On Mon, Feb 9, 2015 at 5:38 AM, Magnus Hagander <magnus@hagander.net> wrote: > On Mon, Feb 9, 2015 at 11:09 AM, Marco Nenciarini > <marco.nenciarini@2ndquadrant.it> wrote: >> >> Il 08/02/15 17:04, Magnus Hagander ha scritto: >> > >> > Filenames are now shown for attachments, including a direct link to the >> > attachment itself. I've also run a job to populate all old threads. >> > >> >> I wonder what is the algorithm to detect when an attachment is a patch. >> >> If you look at https://commitfest.postgresql.org/4/94/ all the >> attachments are marked as "Patch: no", but many of them are >> clearly a patch. > > It uses the "magic" module, same as the "file" command. And that one claims: > > mha@mha-laptop:/tmp$ file 0003-File-based-incremental-backup-v9.patch > 0003-File-based-incremental-backup-v9.patch: ASCII English text, with very > long lines > > I think it doesn't consider it a patch because it's not actually a patch - > it looks like a git-format actual email message that *contains* a patch. It > even includes the unix From separator line. So if anything it should have > detected that it's an email message, which it apparently doesn't. > > Picking from the very top patch on the cf, an actual patch looks like this: > > mha@mha-laptop:/tmp$ file psql_fix_uri_service_004.patch > psql_fix_uri_service_004.patch: unified diff output, ASCII text, with very > long lines
Can we make it smarter, so that the kinds of things people produce intending for them to be patches are thought by the CF app to be patches?
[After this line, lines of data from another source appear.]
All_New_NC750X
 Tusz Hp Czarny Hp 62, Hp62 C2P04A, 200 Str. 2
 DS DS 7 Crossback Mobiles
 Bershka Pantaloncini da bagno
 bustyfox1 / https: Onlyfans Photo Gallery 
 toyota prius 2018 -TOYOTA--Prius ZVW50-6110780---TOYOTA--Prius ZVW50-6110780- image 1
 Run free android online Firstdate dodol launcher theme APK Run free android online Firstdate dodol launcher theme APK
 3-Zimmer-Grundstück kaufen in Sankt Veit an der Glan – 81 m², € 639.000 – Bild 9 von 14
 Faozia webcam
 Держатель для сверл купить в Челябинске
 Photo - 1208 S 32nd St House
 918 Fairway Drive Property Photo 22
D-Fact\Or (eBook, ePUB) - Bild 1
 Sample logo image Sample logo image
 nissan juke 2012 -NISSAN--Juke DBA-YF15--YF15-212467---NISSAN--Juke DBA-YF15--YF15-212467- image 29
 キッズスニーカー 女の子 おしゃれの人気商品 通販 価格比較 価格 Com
Doing it wouldn't be too hard, as the code right now is simply:
# Attempt to identify the file using magic information
mtype = mag.buffer(contents)
if mtype.startswith('text/x-diff'):
a.ispatch = True
else:
a.ispatch = False
(where mag is the API call into the magic module)
So we could easily add for example our own regexp parsing or so. The question is do we want to - because we'll have to maintain it as well. But I guess if we have a restricted enough set of rules, we can probably live with that.